As D. H. Lawrence so often does, in this story he contrasts the class distinctions that are so important in social conventions to the authentic passion that human beings experience. Mabel Pervin grows up among brothers who treat her roughly, calling her a “bull dog.” All four have lived at home, but with their father’s death, the household is dispersing. The plot centers upon what Mabel, who, as a young woman is not expected to live on her own; the brothers assume she will go to live with her sister. Mabel's relationship with Jack Fergusson, the young village doctor, develops in several stages. As he is a middle-class professional, at first he considers her an unsuitable partner, but he is swept away by passion.
Animal imagery is present from the outset. The appearance of the oldest brother, Joe, is described in horse-like terms, and he physically identifies with the animals. He is uncertain about leaving the ranch and, knowing his future is secure through his upcoming marriage, resents the loss of freedom. Although he is good-looking,
his bearing was stupid. Now he watched the horses with a glazed look of helplessness in his eyes, a certain stupor of downfall . . . Joe watched with glazed hopeless eyes. The horses were almost like his own body to him . . . He would marry and go into harness. His life was over, he would be a subject animal now.
Later, as well, Lawrence describes him thusly" “Joe stood with his knees stuck out, in real horsy fashion.”
The brothers say their sister has a “bull-dog” look—through “the impassive fixity of her face,” they cannot understand her. While they are warm and affectionate with the real family dog, they treat their sister coldly. When she says that she will not go to live with their sister, her brother Fred compares her to a dog: “‘The sulkiest bitch that ever trod!’ muttered her brother.”
Yet the animal comparison is not all negative. Mabel has been keeping house for her brothers for ten years, and she will now be free of this. Although female, she has some things in common with them—what Lawrence calls “animal pride." She has suffered badly during the period of poverty;
Nothing, however, could shake the curious sullen, animal pride that dominated each member of the family.

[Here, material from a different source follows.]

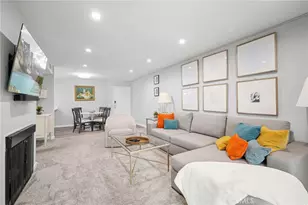 3481 Stancrest Dr, Glendale, CA 91208 - Photo 11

It turns out that this pride makes Mabel decide to end her life rather than go live with her sister. When she attempts to drown herself in the pond, however, the doctor sees her and rescues her. After he pulls her to safety, takes her to his home, and tends to her, she recovers her wits and defends her actions as “the right thing to do.” At this point, the animal imagery briefly returns, associated with the passions stirring in both of them—but especially in Jack, who looks at her “wild, bare, animal shoulders." As she decides that Jack’s saving her and undressing her means he loves her, he suddenly realizes that, despite himself, he does.